TASK: Please output exactly the part of the records below that opens with the line containing "45 Midlake Dr, Lake Harmony, PA 18624" and closes with the line containing "2260 W Lincoln", both lines included, and nothing else.

(Beginning of SUPPLIED INFORMATION)

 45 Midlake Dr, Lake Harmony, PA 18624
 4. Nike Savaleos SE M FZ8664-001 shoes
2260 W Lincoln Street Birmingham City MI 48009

(End of SUPPLIED INFORMATION)
(Beginning of SUPPLIED INFORMATION)

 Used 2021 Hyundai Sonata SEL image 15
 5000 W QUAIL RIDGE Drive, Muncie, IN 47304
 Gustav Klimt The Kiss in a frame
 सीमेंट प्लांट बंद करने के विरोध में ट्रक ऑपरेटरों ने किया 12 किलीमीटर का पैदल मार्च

(End of SUPPLIED INFORMATION)
(Beginning of SUPPLIED INFORMATION)

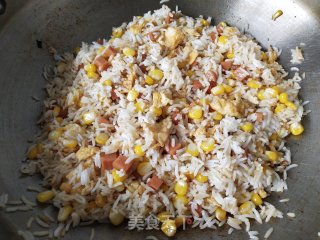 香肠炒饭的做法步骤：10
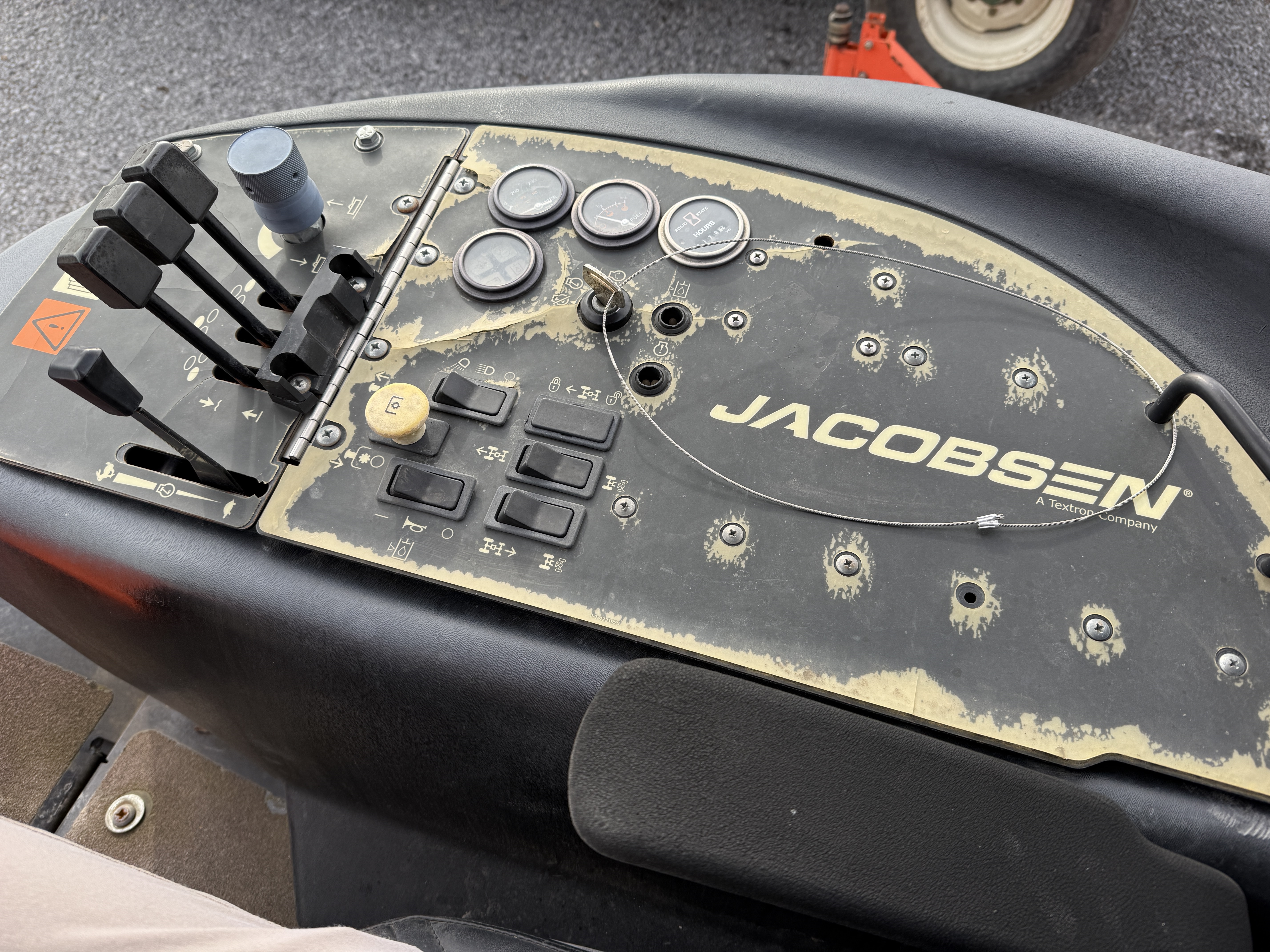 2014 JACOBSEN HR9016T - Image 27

(End of SUPPLIED INFORMATION)

SOLUTION FOR THIS PROBLEM:
 45 Midlake Dr, Lake Harmony, PA 18624
 4. Nike Savaleos SE M FZ8664-001 shoes
2260 W Lincoln Street Birmingham City MI 48009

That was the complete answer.